God, I hate it, even as I get older and experience it more and more. We could get really metaphysical here by attaching physical pain to revelation, but we do not have to start there. Rather, we can begin by putting into words what many have experienced, even as it makes little apparent sense: that through physical suffering, we also learn about love and begin to solve the fundamental problem of loneliness. It is simply true, and any reasoning must begin with the truth, no matter how unexpected.
Perhaps it can be boiled down to this: when we are healthy and fit, we feel as if we are beyond the bounds of nature, a world unto ourselves that does not have to pass through the cycle of life and death. When we are not, when we are ill and weak or in pain, we are brought back into the true cycle in which all of nature is involved. We then are forced to realize our shared vulnerability with all living things, and in this, like prisoners of war, we share a bond that is deeper than common friendship and cordiality. We come to share something more like the bond of comrades in arms, a bond that can allow us – can even demand us – to be willing to sacrifice ourselves for others.

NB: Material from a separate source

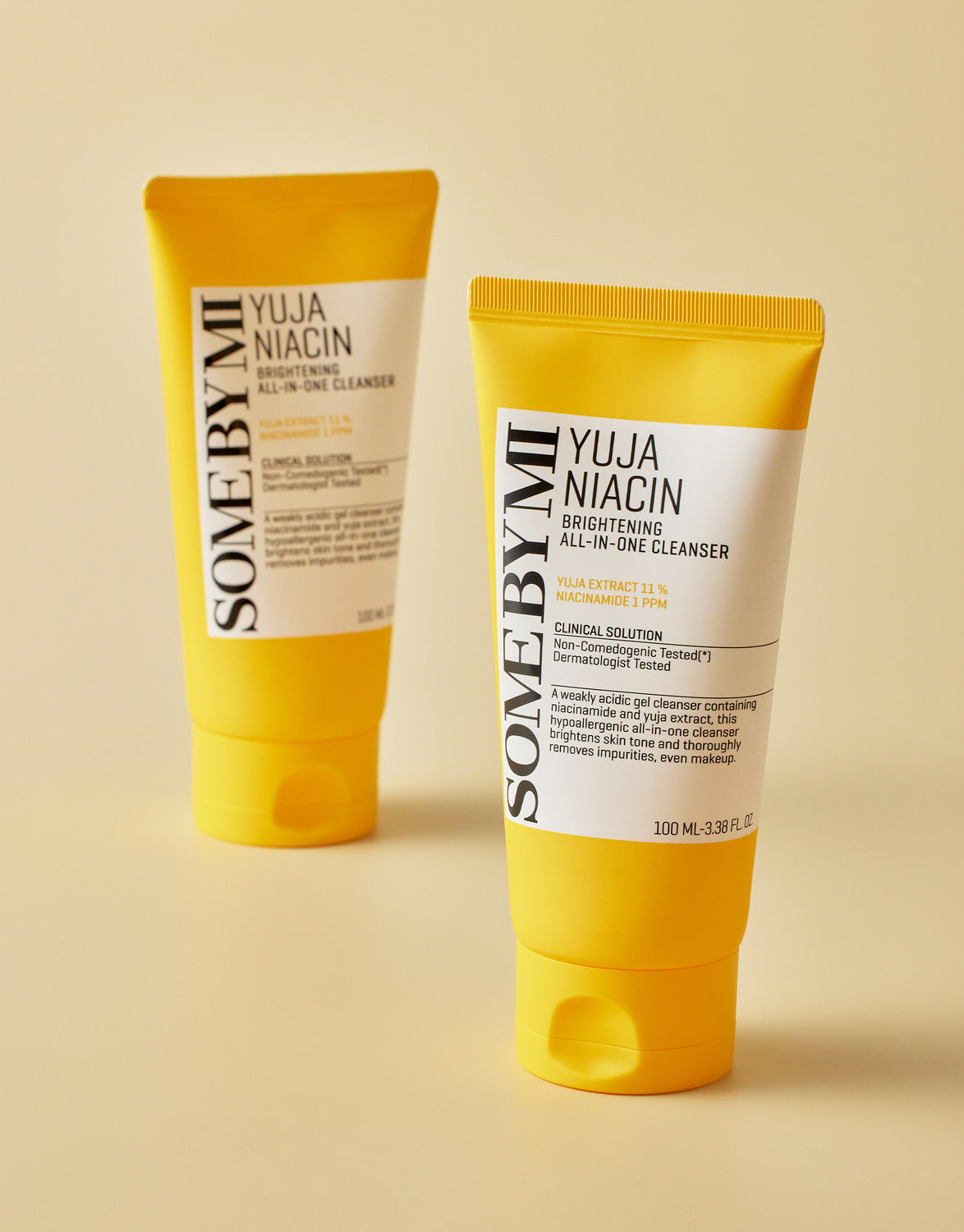 [Some By Mi] Yuja Niacin Brightening All-In-One Cleanser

This shared suffering is our reality, and the depth of our community is based on how open we are to this reality. If we were perfectly aware of our situation, we would naturally form a bond of love with humanity. Many already have this bond, although imperfect, with their family, and others with their tribe or nation, but to be truly aware is to have that bond with all of creation. It is what Christ has, and what all truly inspired spiritual leaders must have.
Still, we don’t have to be gurus to experience this depth. It can be given to anyone through grace, which is often delivered to us through suffering. My personal experiences probably have something to do with the diminished capacities and infirmities of age, but it doesn’t matter. The central mystery of the universe still resolves around the same premise: that it is all apiece and desiring that everything understands this in its own way. So it is that the eternal heavens must understand the weakness and suffering of the finite, just as we must understand, through our bond of weakness, our attachment to the eternal. It all seems so complicated, but it is not; rather, it is sublime, like the precise spiral of a sea shell.
This curve of the truth brings us around to the mystery of the sacrificial Christian God. In his eternal presence, he must fulfill the unity of his creation by experiencing finitude and pain. In this, he unites his eternal life and joy through his suffering with our suffering. And in his guise as a mortal, he insists that we unite with all humankind in sympathetic love so that we may realize eternal completeness, and in this, God’s eternal bliss.
It is so simple yet so difficult, as sleek and slippery as an eel. If we could put it onto a bumper sticker, we might just say that “It is better to have lost before we might love.”